Out went the original circuitry, and in came a USB hub, a USB audio interface, and an Arduino. The original earpiece would suffice, but the microphone was replaced with a more modern one. The Arduino will register the cradle switch, and also power a set of LED addressable lights under the unit.

The result is a phone that retains all its looks, but has a new life as a PC peripheral. We’d venture to suggest that also using the Arduino to read the dial and produce DTMF tones might make it a valid peripheral for a VOIP application and complete the transformation, but that’s something that could be done at a later date. Maybe it could even be given a GSM makeover.

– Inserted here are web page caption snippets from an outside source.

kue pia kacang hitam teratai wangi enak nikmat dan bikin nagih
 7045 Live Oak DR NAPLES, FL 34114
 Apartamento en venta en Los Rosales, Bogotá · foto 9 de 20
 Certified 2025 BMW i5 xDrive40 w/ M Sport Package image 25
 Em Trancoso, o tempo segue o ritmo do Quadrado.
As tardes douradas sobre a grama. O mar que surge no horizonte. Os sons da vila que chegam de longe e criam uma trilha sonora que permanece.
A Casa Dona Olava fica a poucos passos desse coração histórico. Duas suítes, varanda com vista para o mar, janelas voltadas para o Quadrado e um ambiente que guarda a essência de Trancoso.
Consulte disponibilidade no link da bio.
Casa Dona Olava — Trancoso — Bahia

5 thoughts on “A Rotary Phone As A Computer Peripheral

  1. Excellent! The ancient Brirish EDSAC computer used a rotary dial, too, I remember. But not in this way. Rather like a controller or miniature keyboard.

    I like this approach shown, because it uses the whole phone. Doing a video call with a classic phone sure has something to it (can I say that in English?). Or for “calling” something like Cortana with it would be fun, too. 😎

    Anyway, as for the EDSAC..



  2. I’d like to see a whole article on use of rotary phones as the hardware interface for non-phone projects.
    Two I can think of that I admire, attoparsec’s eurorack rotary phone dial module, where the phone dial routes audio streams through other synthesis and audio modification modules: https://www.youtube.com/watch?v=S8ryPrQwXZ4&t=113s
    and an article I found last week while doing research on the use of neon bulbs as memory elements, where someone in the mid-1960s built a desktop calculator using neon bulbs as the logic devices and a rotary phone as the calculator input in lieu of a keyboard: https://www.dos4ever.com/ring/ELIL.pdf

  3. I’d love to find a use for the rotary dial some day and do a other retrofit for that purpose – but like this, it’s a solution for someone else so if the need arises at least I know more about the internals on these things.

    I’d do capacitance matrix/grid perhaps for the dialer – a set of 4 capacitance pads around the ring, and then based off capacitance between them I could calculate the number initially pressed, although it would require a full reset each time to fully work without a ton of extra code.

    I’m sure I’ll keep it for myself after the wedding, just because it’s a neat little thing.

  4. I tried posting this several hours ago but apparently hackaday vanishes my posts if they contain links so I’ll have to merely provide hints.
    I’d love to see a hackaday article about use of rotary phone dials as hardware interfaces or input devices for non-phone-related projects.
    Attoparsec has a YouTube channel full of weird MIDI sound effect and synthesizer modules, and one is a repurposed rotary phone dial module that reroutes audio samples to/through different units, under the name Eurorack DIY: rotary dial module.
    In doing research on use of neon bulbs as memory elements, I found a really cool Electronics Illustrated article from November 1966 on using banks of neon bulbs as decade counters with interconnects. The page shows how to build a desktop calculator with +, -, *, and / using only neon bulbs as the logic elements, and a rotary phone as the input method, and is a simply amazing piece of work.
    The latter article will be particularly hard to find without a link, unfortunately.